Each facility maintains their respective data through different online portals. These include the JGI Genome Portal, the Integrated Microbial Genomes and Microbiomes, and EMSL’s NEXUS data repository. Additionally, published research arising from the FICUS program may distribute data through a suite of public data repositories, such as PRIDE, MetaboLights, and GenBank.

Authors of a particular study should be deeply knowledgeable about their data. They know exactly how to access and analyze it. However, when data is dispersed across these different repositories, it may be difficult for others to find and access. Additionally, when it is analyzed using different methods, the data may be hard to interpret or understand.

The NMDC Data Portal solves this problem by integrating and standardizing the data while making it accessible from a single location. By doing so, the data portal brings the FAIR principles—findability, accessibility, interoperability, and reusability—to microbiome data.

graphic with bluish purple bar graphs and a map of the United States. The NMDC Data Portal brings together metagenome, metatranscriptome, proteomics, metabolomics, and organic matter data in one place.
The NMDC Data Portal brings together metagenome, metatranscriptome, proteomics, metabolomics, and organic matter data in one convenient location. (Image from data.microbiomedata.org)

Making microbiome data FAIR

Using FICUS projects as a starting point, the NMDC Data Portal was created as a resource for users to access all the microbiome data for a particular biological sample in one place. As researchers were developing the data portal, they realized that they needed to establish protocols around sample management and data housing as well. This provides consistency between the two user facilities. As a result, the data portal supports the tracking, integration, and reuse of samples between EMSL and JGI.

The NMDC Data Portal was designed to directly engage and support the scientific user base. The NMDC team conducted extensive interviews with the scientific community to uncover the best ways to design the portal and display the data. “We wanted to make sure that the features of the data portal met our goal: making microbiome data findable, accessible, interoperable, and reusable,” said McCue.

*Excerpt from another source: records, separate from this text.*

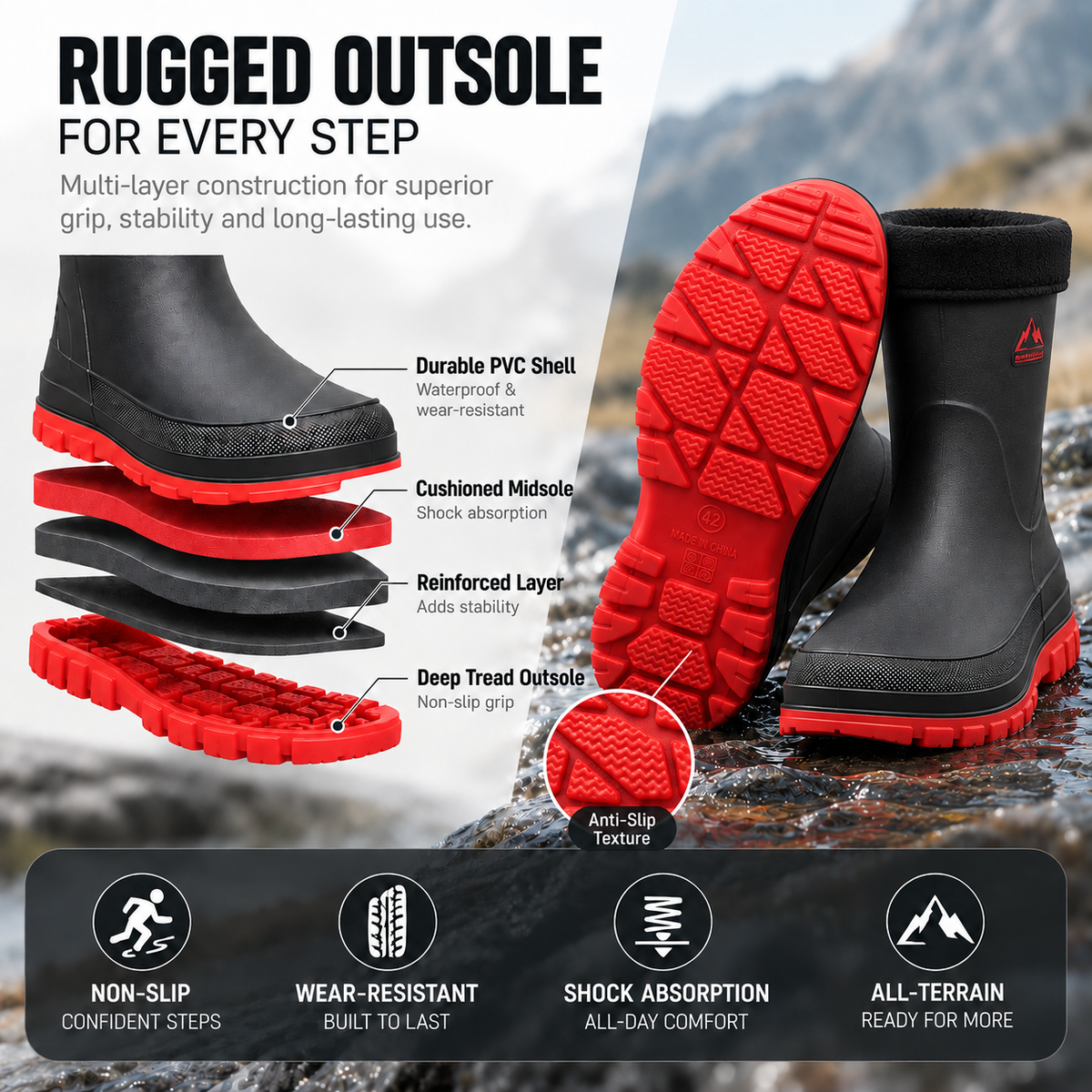 Wasserdichte Winter-Regenstiefel für Herren — Wadenhoch, rutschfest, mit Kunstfellfutter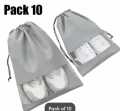 Shoe Storage Box, Shoe Storage Bag Clear Plastic Stackable Shoe Organizer for Closet, Space Saving Foldable Shoe Sneaker Containers Bins Holders Zip Pouch Storage (Large). 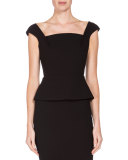 Abbey Square-Neck Peplum Tank, Black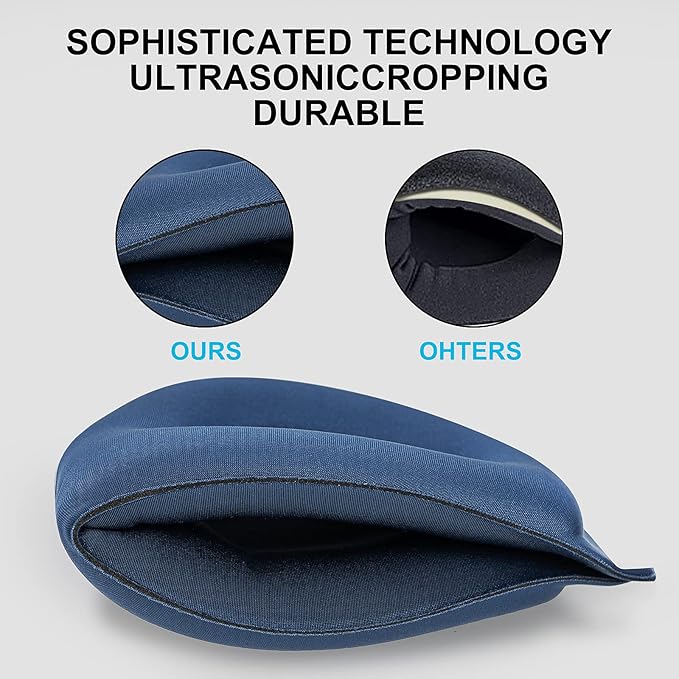 ALASKA BEAR 100% Blackout Sleep Mask Most Comfortable Contoured Eye Cups and Nose Covering for Women Men, 3D Pillowy Soft Light Blocking Eye Mask 0 Pressure on Eyelids & Eyelashes, Earplugs Set, Blue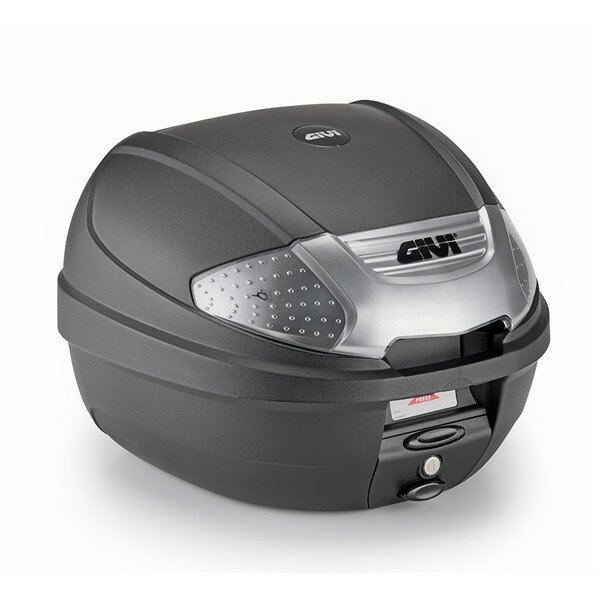 GIVI E300 - Monolock Topcase, 30 L., schwarz, Reflektor mit Silberlackierung , m. Platte
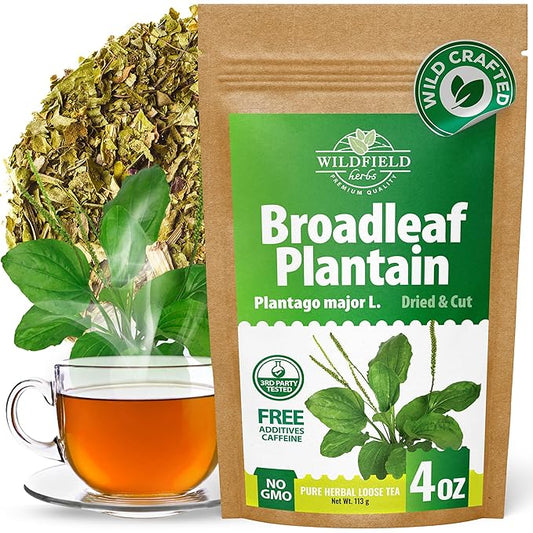 4 oz. Broadleaf Plantain Leaf Herb Tea Dried Plaintains Leaves (Plantago Majoris Folia) - 113g Greater Plantain Leaf Tea Llanten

As a result, the NMDC Data Portal features a convenient and easy-to-use interface that enables users to search, access, analyze, and download a wealth of microbiome data. This includes metagenome, metatranscriptome, proteomics, metabolomics, and organic matter chemistry data.

The team also recruited ambassadors to spread the word among their respective research communities. The current 2021–2022 NMDC ambassadors include PhD students, postdoctoral researchers, and assistant professors. “It was especially important for us to reach out to early career researchers regarding this data portal,” said McCue. “This resource empowers researchers to go in and start making queries immediately. It removes some of the barriers to working with microbiomes, such as needing to know how to process ‘omics data, or how to first find and then combine different data types.”

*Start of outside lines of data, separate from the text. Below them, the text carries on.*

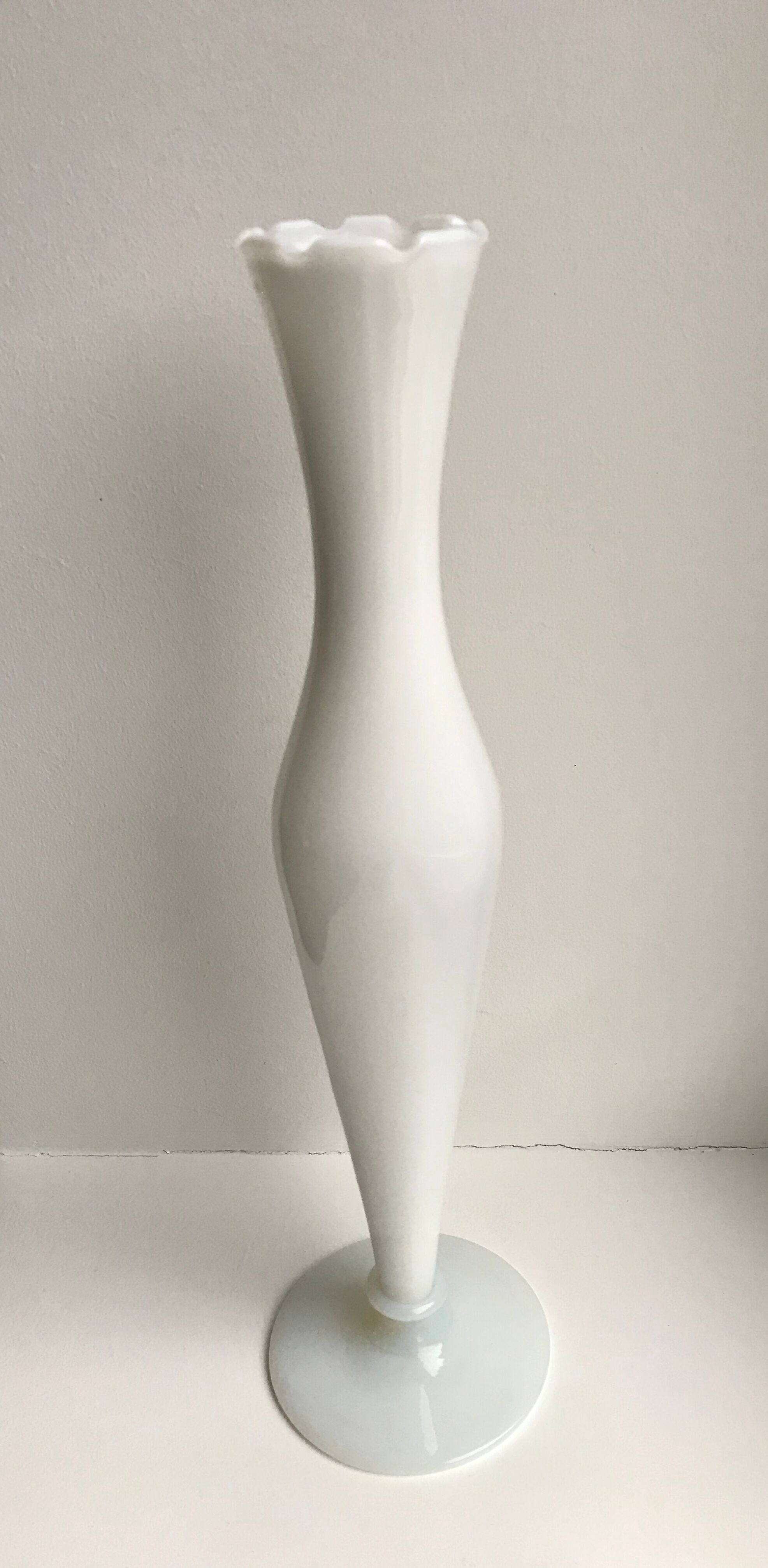 White opaline vase 50s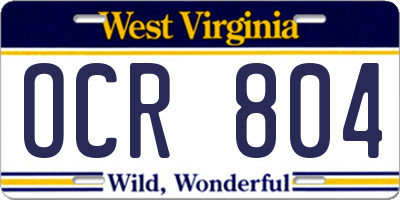 WV license plate OCR804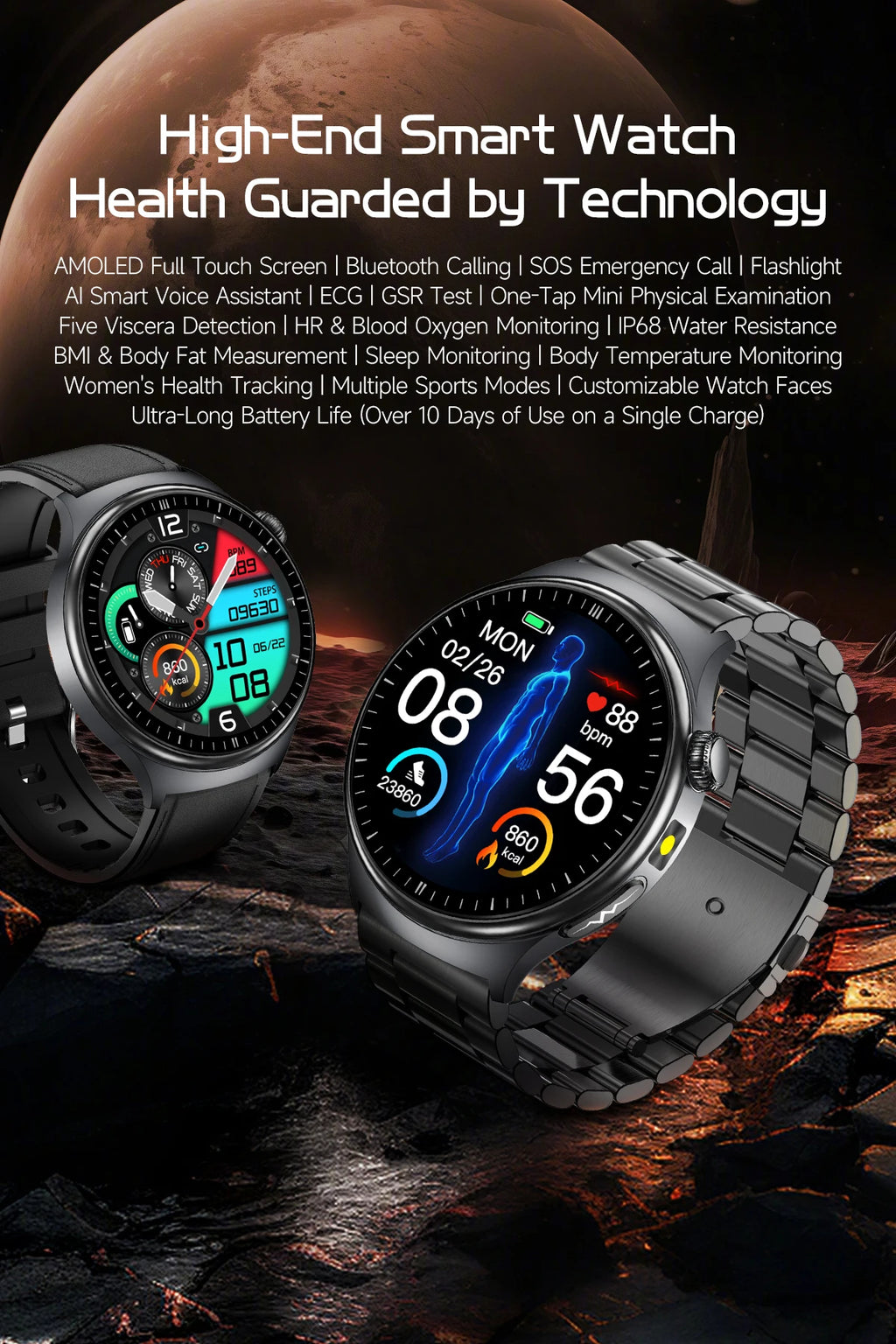 2026 Neue Mikrophysikalische Untersuchung Gesundheits-Smartwatch Herren EKG Harnsäure Lipide Blutdruck BT Anruf Smartwatch Für Android IOS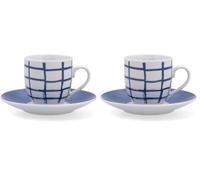 Quid Kansas Set 6 Tazas Con Plato Porcelana Apto Microondas (Paquete de 2)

Though the NMDC Data Portal currently only contains data from EMSL and JGI, the researchers behind it have plans to expand it. Data from the Earth Microbiome Project will be included in a future release, and the team plans to continually add data from other resources.

“This is an evolving process,” said McCue. “We will continue to refine the data portal to meet the needs of researchers. We want this resource to be developed both with and for the community.”

This work is supported by the Genomic Science Program in the Department of Energy, Office of Science, Biological and Environmental Research program.